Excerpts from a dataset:
= Beginning of Section =

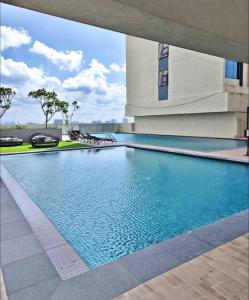 a swimming pool in the middle of a building at 3BR-Countryroad-Paradigm Residence by Guesthouse-6-8Pax in Johor Bahru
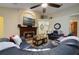 Cozy living room features a fireplace, comfortable seating, and a large TV at 1006 Hanging Vine Pt, Longwood, FL 32750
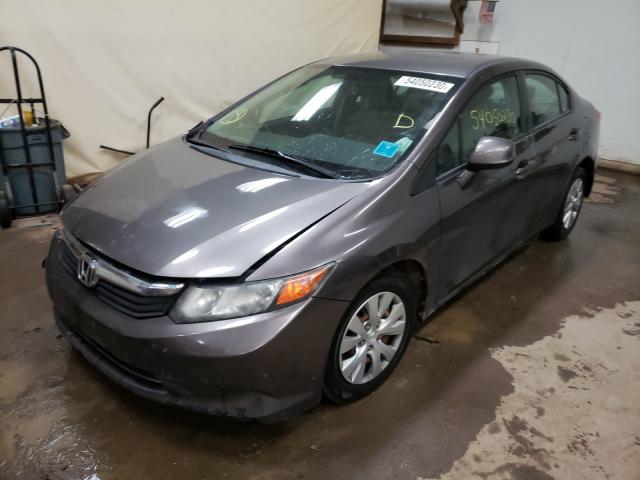 Photo 1 VIN: 19XFB2F54CE076609 - HONDA CIVIC LX 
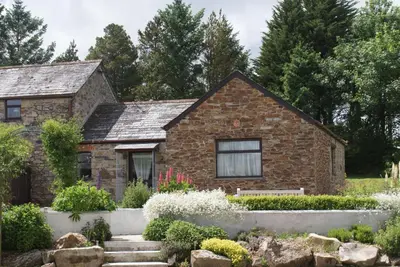 a stone house with a garden in front of it at Lower Mulberry Cottage in Bodmin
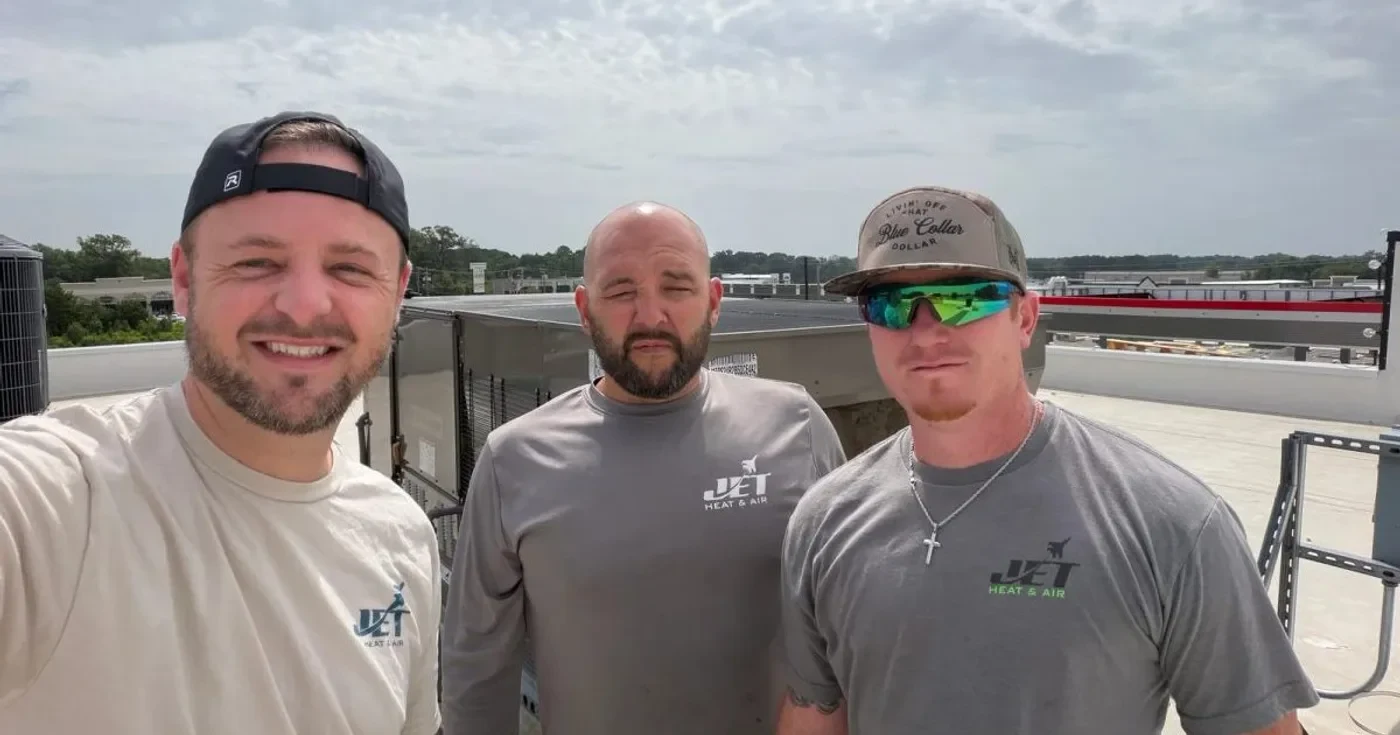 Jet Heat and Air technicians on a commercial rooftop HVAC job in Central Arkansas
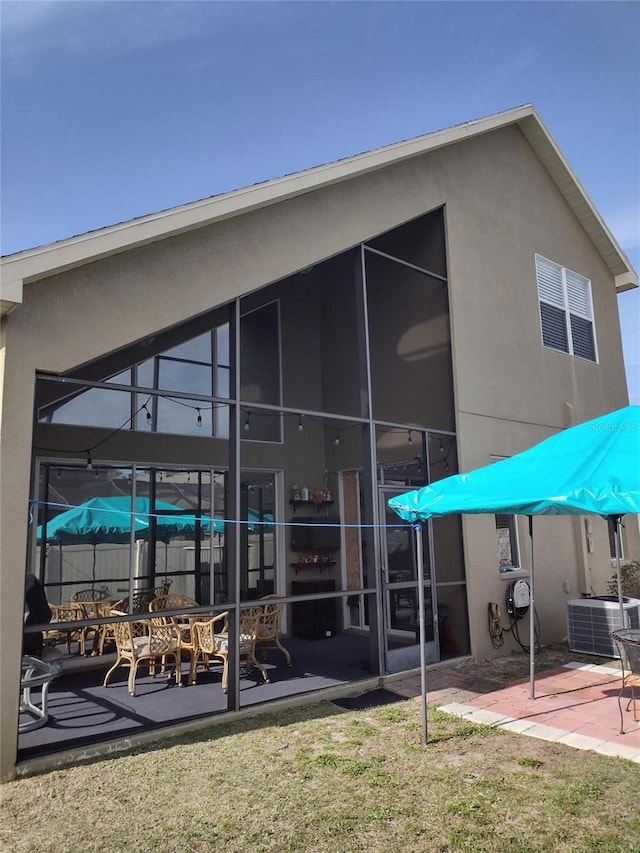 back of house with a patio, stucco siding, fence, and cooling unit
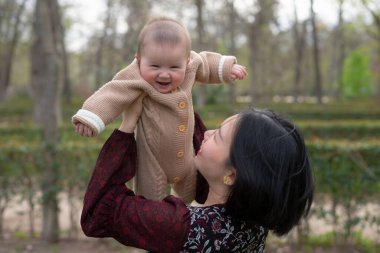 Genç, mutlu ve güzel Asyalı bir kadın kucağında küçük bir kız çocuğu, sevimli bir kız bebek, parkta birlikte oynaşıyorlar anne ve çocuk sevgisi ve ebeveynlik kavramında.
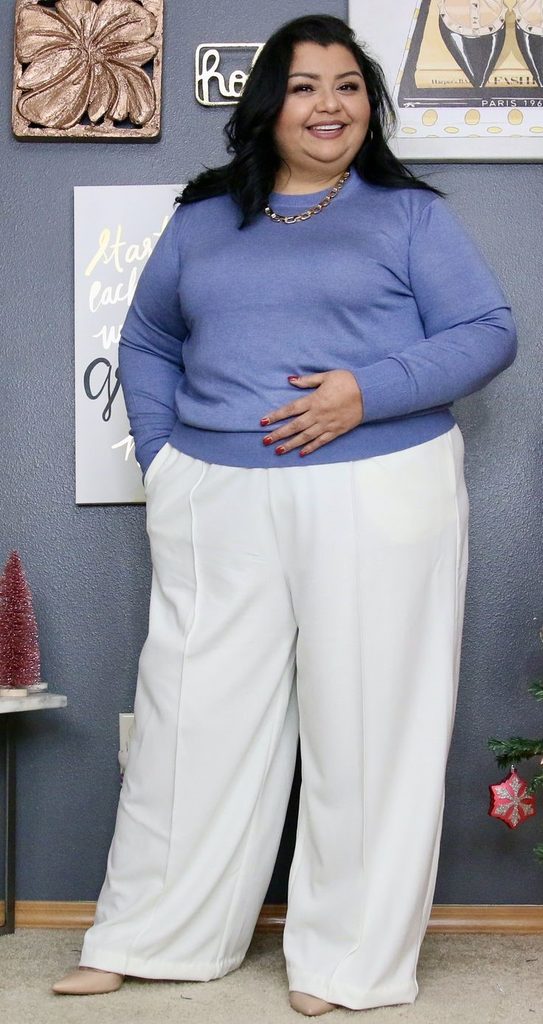 Neutral Outfit Ideas featuring a blue knit sweater, cream wide-leg trousers, beige pointed-toe flats, and a gold chain necklace.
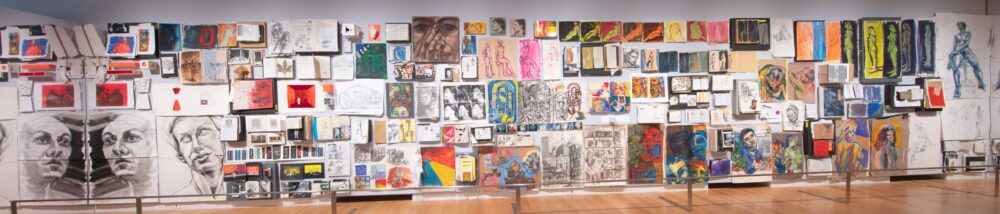 A wall of a gallery is covered with drawings and paintings of various sizes and colors.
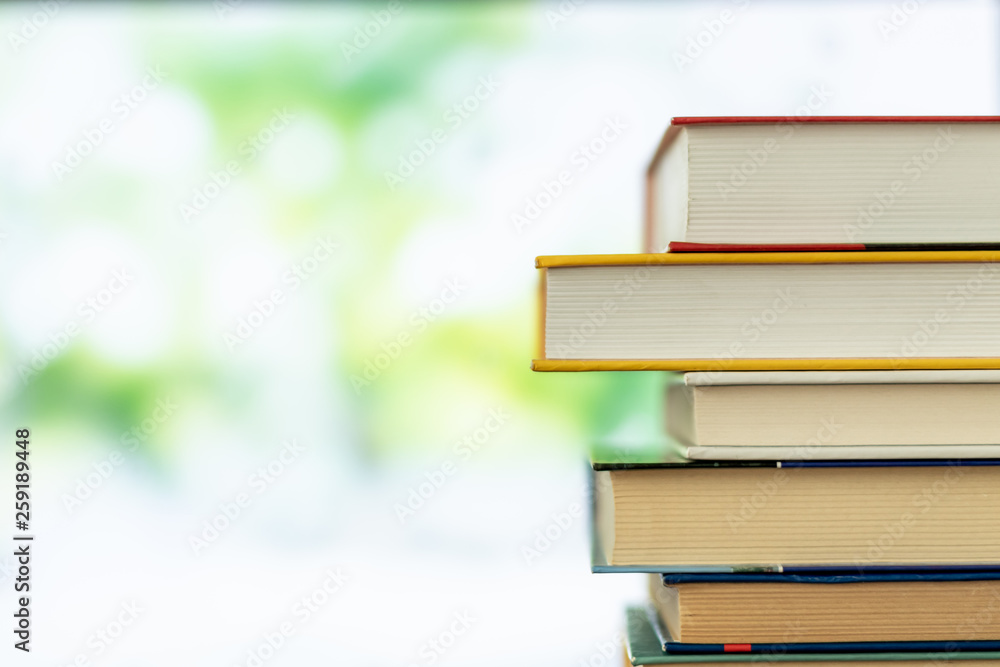Multikolor book stack in the library room on tabel and blurred trees on street back to school concept Multikolor book stack in the library room on tabel and blurred trees on street back to school concept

= End of Section =

_AIM OF THE EXERCISE_: Return the lines above exactly; the images are not part of the copy.

_RESULT FOR THIS TASK_:
 a swimming pool in the middle of a building at 3BR-Countryroad-Paradigm Residence by Guesthouse-6-8Pax in Johor Bahru
 Cozy living room features a fireplace, comfortable seating, and a large TV at 1006 Hanging Vine Pt, Longwood, FL 32750
 Photo 1 VIN: 19XFB2F54CE076609 - HONDA CIVIC LX 
 a stone house with a garden in front of it at Lower Mulberry Cottage in Bodmin
 Jet Heat and Air technicians on a commercial rooftop HVAC job in Central Arkansas
 back of house with a patio, stucco siding, fence, and cooling unit
 Genç, mutlu ve güzel Asyalı bir kadın kucağında küçük bir kız çocuğu, sevimli bir kız bebek, parkta birlikte oynaşıyorlar anne ve çocuk sevgisi ve ebeveynlik kavramında.
 Neutral Outfit Ideas featuring a blue knit sweater, cream wide-leg trousers, beige pointed-toe flats, and a gold chain necklace.
 A wall of a gallery is covered with drawings and paintings of various sizes and colors.
Multikolor book stack in the library room on tabel and blurred trees on street back to school concept Multikolor book stack in the library room on tabel and blurred trees on street back to school concept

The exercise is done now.